Skip to contents

Generates a synthetic categorical variable using ordered polytomous regression (without or with bootstrap).

Usage

syn.polr(y, x, xp, proper = FALSE, maxit = 1000, trace = FALSE,
  MaxNWts = 10000, ...)

Arguments

y

an original data vector of length n.

x

a matrix (n x p) of original covariates.

xp

a matrix (k x p) of synthesised covariates.

proper

for proper synthesis (proper = TRUE) a model is fitted to a bootstrapped sample of the original data.

maxit

the maximum number of iterations for nnet.

trace

switch for tracing optimization for nnet.

MaxNWts

the maximum allowable number of weights for nnet.

...

additional parameters passed to optim or nnet.

Details

Generates synthetic ordered categorical variables by the proportional odds logistic regression (polr) model. The function repeatedly applies logistic regression on the successive splits. The model is also known as the cumulative link model.

The algorithm of syn.polr uses the function polr from the MASS package.

In order to avoid bias due to perfect prediction, the data are augmented by the method of White, Daniel and Royston (2010).

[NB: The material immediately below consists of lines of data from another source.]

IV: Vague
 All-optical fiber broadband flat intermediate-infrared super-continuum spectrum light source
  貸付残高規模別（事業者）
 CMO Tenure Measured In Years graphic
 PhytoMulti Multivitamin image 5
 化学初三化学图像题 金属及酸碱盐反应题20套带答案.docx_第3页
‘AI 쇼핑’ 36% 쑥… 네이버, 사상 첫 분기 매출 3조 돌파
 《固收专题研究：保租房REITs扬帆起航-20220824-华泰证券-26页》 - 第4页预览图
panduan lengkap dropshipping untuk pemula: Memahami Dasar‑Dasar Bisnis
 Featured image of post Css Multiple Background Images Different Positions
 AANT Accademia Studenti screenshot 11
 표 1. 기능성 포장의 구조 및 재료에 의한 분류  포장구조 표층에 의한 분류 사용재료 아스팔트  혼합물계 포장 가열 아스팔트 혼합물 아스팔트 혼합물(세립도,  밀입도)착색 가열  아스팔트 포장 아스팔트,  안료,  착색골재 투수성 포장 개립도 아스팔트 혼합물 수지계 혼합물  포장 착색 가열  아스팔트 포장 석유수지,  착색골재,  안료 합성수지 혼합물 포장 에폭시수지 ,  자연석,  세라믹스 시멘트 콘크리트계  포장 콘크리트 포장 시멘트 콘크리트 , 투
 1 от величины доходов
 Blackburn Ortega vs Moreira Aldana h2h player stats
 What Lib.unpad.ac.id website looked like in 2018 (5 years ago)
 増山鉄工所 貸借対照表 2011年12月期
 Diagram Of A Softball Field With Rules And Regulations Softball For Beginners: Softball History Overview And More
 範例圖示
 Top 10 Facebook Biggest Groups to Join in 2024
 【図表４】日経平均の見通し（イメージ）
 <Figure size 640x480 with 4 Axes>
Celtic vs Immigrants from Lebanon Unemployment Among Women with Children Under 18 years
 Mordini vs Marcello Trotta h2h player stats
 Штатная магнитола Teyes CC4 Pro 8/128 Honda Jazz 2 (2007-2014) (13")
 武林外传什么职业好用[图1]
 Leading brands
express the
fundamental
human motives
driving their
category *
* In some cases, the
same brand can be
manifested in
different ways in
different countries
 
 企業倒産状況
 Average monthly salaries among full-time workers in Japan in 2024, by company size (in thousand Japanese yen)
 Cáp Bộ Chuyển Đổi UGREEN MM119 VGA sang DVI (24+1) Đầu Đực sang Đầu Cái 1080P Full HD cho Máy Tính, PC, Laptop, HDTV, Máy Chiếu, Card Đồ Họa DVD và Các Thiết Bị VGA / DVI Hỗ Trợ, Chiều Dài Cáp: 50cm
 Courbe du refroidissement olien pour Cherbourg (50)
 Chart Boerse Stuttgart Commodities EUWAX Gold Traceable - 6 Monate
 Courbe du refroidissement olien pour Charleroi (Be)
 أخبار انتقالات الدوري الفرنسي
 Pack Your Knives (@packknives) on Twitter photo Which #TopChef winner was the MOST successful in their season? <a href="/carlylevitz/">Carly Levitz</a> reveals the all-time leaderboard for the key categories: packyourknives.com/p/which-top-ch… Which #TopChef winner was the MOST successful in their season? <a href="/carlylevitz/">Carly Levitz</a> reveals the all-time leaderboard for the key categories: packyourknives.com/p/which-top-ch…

In case the call to polr fails, usually because the data are very sparse, multinom function is used instead.

Value

A list with two components:

res

a vector of length k with synthetic values of y.

fit

a summary of the model fitted to the observed data and used to produce synthetic values.

References

White, I.R., Daniel, R. and Royston, P. (2010). Avoiding bias due to perfect prediction in multiple imputation of incomplete categorical variables. Computational Statistics and Data Analysis, 54, 2267--2275.